The success of the xenophobic and far-right Alternative for Germany party in Sunday’s election for the state legislature in Mecklenburg-Western Pomerania in east Germany is hardly good news to German Chancellor Angela Merkel and the Christian Democrats, nor to Europe and the Greek government. Merkel suffered a mighty defeat in her own constituency, as a reaction, primarily, to her migration policy; Europe is witnessing yet another Le Pen-style party making its presence felt within Germany; while Athens ought to be feeling even greater insecurity now, following clear indications that the tolerance levels of its creditors are dropping considerably.
News stories relating to the ineffective management of the migration crisis have already reached Greece and there might be more bad omens on the way.
There are those estimating that a bailout subtranche of 2.8 billion euros, which is still pending following the first review of the Greek program, will not be dispersed if the Greek side does not implement a series of much-delayed prior actions.
The next Eurogroup meeting will determine whether or not these estimates are correct but for the time being, this conclusion is also based on statements made by EU officials.
There is one issue where the attitude of the country’s lenders and partners is crystal-clear. This is the case of ELSTAT and the new charges brought against the Greek statistical agency’s former chief, Andreas Georgiou.
Clearly the well-publicized and strong reaction by several high-ranking Commission officials forced the government into a tactical retreat.
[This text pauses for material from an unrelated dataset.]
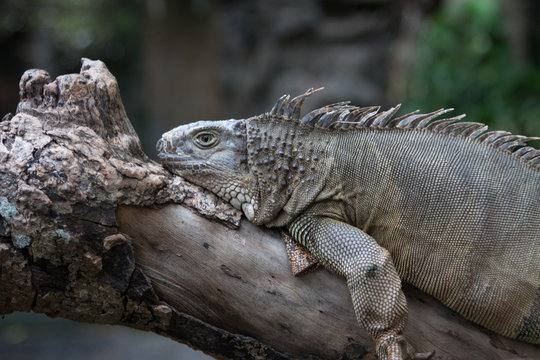 Portrait of a dragon like big Iguana (possibly Cyclura) sitting on a tree in Bali bird park.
Following an initial display of bravura by Finance Minister Euclid Tsakalotos, who forwarded a reply, Alternate Finance Minister Giorgos Houliarakis told Parliament that the administration did not question the figures upon which the August 2015 deal – in other words, the so-called third bailout – was based, adding that the government guaranteed and safeguarded the agency’s independent character.
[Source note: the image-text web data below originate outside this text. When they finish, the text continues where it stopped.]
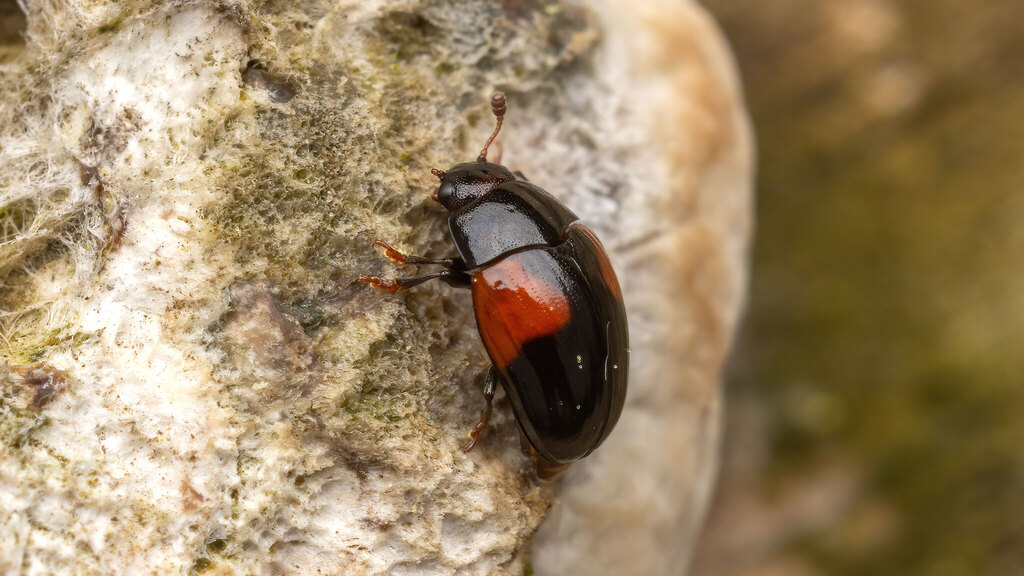 Erotylidae Tritoma bipustulata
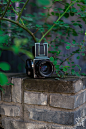 无法拒绝的价格 —— 入手Sonnar T* FE 55mm F1.8 ZA - 影像器材 - Chiphell - 分享与交流用户体验的最佳平台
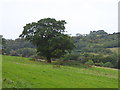 Lone oak tree in a field at Vineyards Farm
This new U-turn led to the expected rumbles within the government and certain officials “leaking” that the Houliarakis statement related solely to the figures given for 2015, not those compiled in 2010 for 2009. In other words, they pointed out that the Georgiou case was still open. They forget, however, that to begin with, this is a matter of principle – i.e. a red line – for Europe and the IMF, secondly that the so-called third bailout is essentially a continuation of the first two (there is only one bailout) and, thirdly, that they don’t have the luxury to accept they were wrong to allocate so much money to Greece when, by accepting the Greek statistics, they could have given so much less. Following Sunday’s election result and in view of next year’s general elections in Germany, the creditors’ tolerance levels are diminishing.